Le mass-market est une énorme machine qui ne laisse pas de place aux états d’âme
« Je m’installais à Delhi, il fallait que je travaille. Un soir alors que j’étais sortie en boîte de nuit, la seule de New Delhi : le Club orange où il n’y avait que de la musique Bollywood, je rencontre un Espagnol, qui depuis est devenu un ami, nous bavardons et il me dit qu’il cherche une styliste pour Zara et le groupe Inditex (groupe espagnol, leader de la fast fashion). Au culot, je lui dis qu’il est tombé sur la bonne personne ».
Voilà comment Dorothée rentre dans le circuit du « mass market », également appelé marché indifférencié. Ce marché de masse est composé du plus grand nombre de clients possible, peu importe leurs moyens financiers. L’objectif principal du marketing et de proposer des produits standardisés, avec un niveau de qualité minimal et aux prix les plus bas possible.
En conséquence les conditions de fabrication échappent aux standards européens. Dorothée commence à faire alors du mass-market avec la France, elle travaille beaucoup sur le terrain "entre deux chèvres et trois moutons" et ses responsabilités sont multiples.
On dessinait les bijoux, on les fabriquait, on leur montrait, on était des agents et on s’occupait de la production. C’est comme ça que j’ai appris le métier et que j’ai peu à peu grimpé les échelons. J’ai ainsi ouvert un bureau à New Delhi pour le groupe Inditex. Ça a duré 5 ans, puis j’ai lâché pour ensuite travailler pour des grosses enseignes françaises, comme Promod et Monoprix, en créant des accessoires de mode et des bijoux .
Dorothée, ou la volonté d'une femme pour entreprendre sans jamais se décourager
Dorothée se pose des questions sur sa vie et sur le sens qu’elle y met. Elle décide alors de sortir de ce tourbillon infernal qu’est la mode et de reprendre la main sur sa vie. Elle a découvert le yoga Kundalini, appelé aussi yoga de l’énergie.
Après plusieurs années de pratique, elle devient professeur et enseigne. Le yoga est devenu un pilier de sa vie, c’est pour elle une pratique quotidienne nécessaire :
« Un espace où je sors de l’apnée, où je respire, retrouve le silence et remets les choses à leur place ».

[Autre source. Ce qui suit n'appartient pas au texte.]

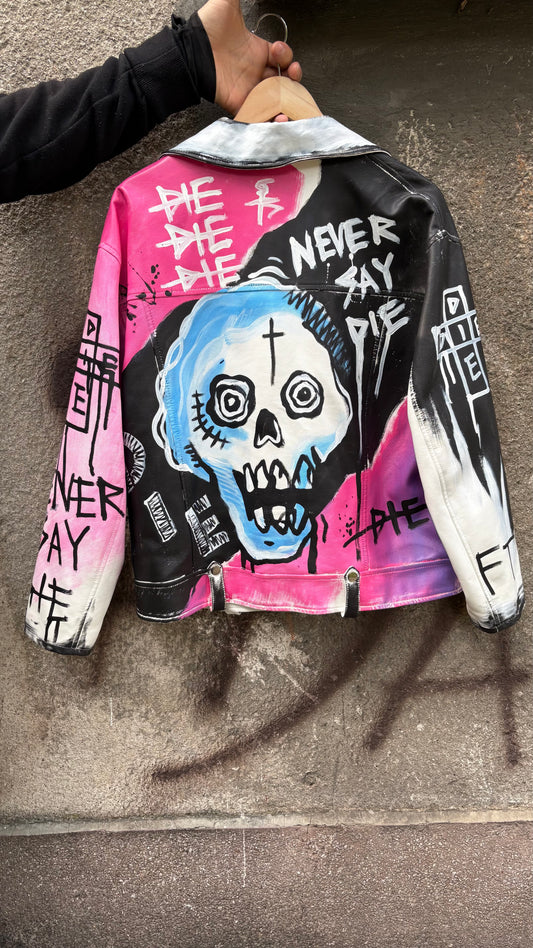«Never Say Die» Hand-Painted Biker Jacket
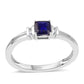 Anillo de Plata con Zafiro Azul Australiano y Topacio Blanco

En 2017, elle crée sa marque et LVMH la choisit et fait rentrer ses créations de bijoux à la Samaritaine. C’est, selon Dorothée, ce qui marque un tournant important dans ses choix. Elle abandonne en partie l’enseignement du yoga, sachant qu’en Inde, elle n’en vivra pas. Elle se lance enfin dans la fabrication des magnifiques bijoux signés Dorothée Sausset. Ces bijoux possèdent une vraie signature singulière, probablement parce qu’ils sont le résultat d’un cheminement personnel foisonnant. Ils dégagent chacun ce dont ils sont porteurs, à savoir la marque des traditions hindoues et yogiques, qui font lien avec l’énergie vitale, voire solaire qui traverse les créations de Dorothée.

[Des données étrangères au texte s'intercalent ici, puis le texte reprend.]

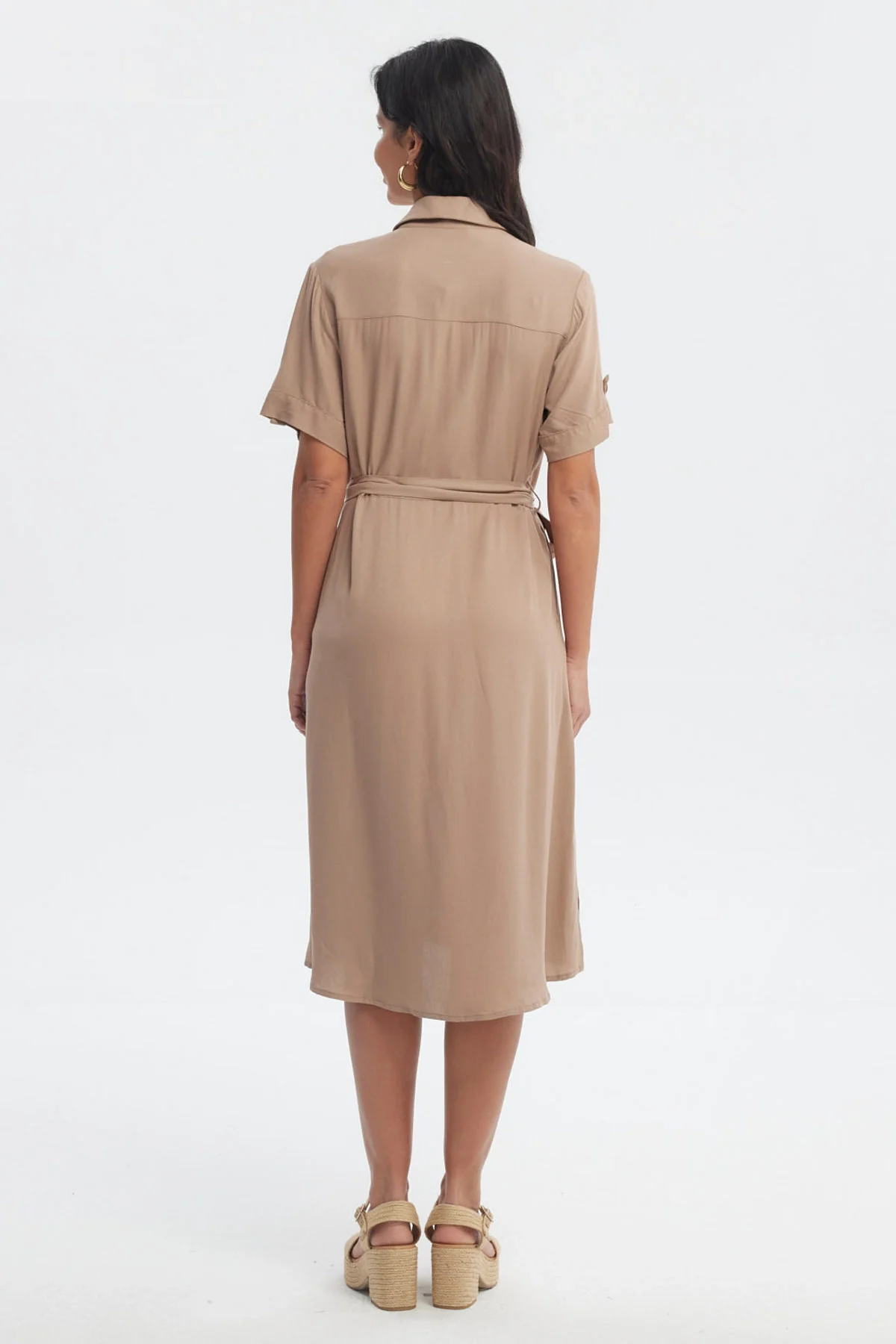 Vestido Mujer Camisero Con Cinturón Café Claro - Image 3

« Je n’avais pas de business plan et faire fonctionner une telle entreprise c’est beaucoup de travail. J’ai beaucoup de chance parce que les gens avec qui je travaille sont avec moi depuis 18 ans. Ce sont deux garçons qui sont ultra dévoués. »
Dorothée vit à Delhi, les ateliers de fabrication Dorothée Sausset sont à Jaipur, elle vend ses bijoux en ligne et elle a des revendeurs en France, en Europe, et sur plusieurs continents, ce qui semble normal pour une citoyenne du monde.
Pour le moment, Dorothée l’aventurière entrepreneuse est encore à New Delhi, mais pour combien de temps ?
«Arvind m’avait offert un collier avec le Shiva linga. Un jour l’agent de sécurité me dit : « vous êtes mariée à un Indien ?», je lui réponds : « non, pourquoi ? ». Il répond « vous portez un Thali » et il m’explique la symbolique de ce collier de mariage. Mon amoureux ne me l’avait pas dit. Ça a commencé comme ça, Dorothée Sausset, le premier bijou que j’ai créé était un thali. »
Dorothée Sausset : "le premier bijou que j’ai créé était un thali."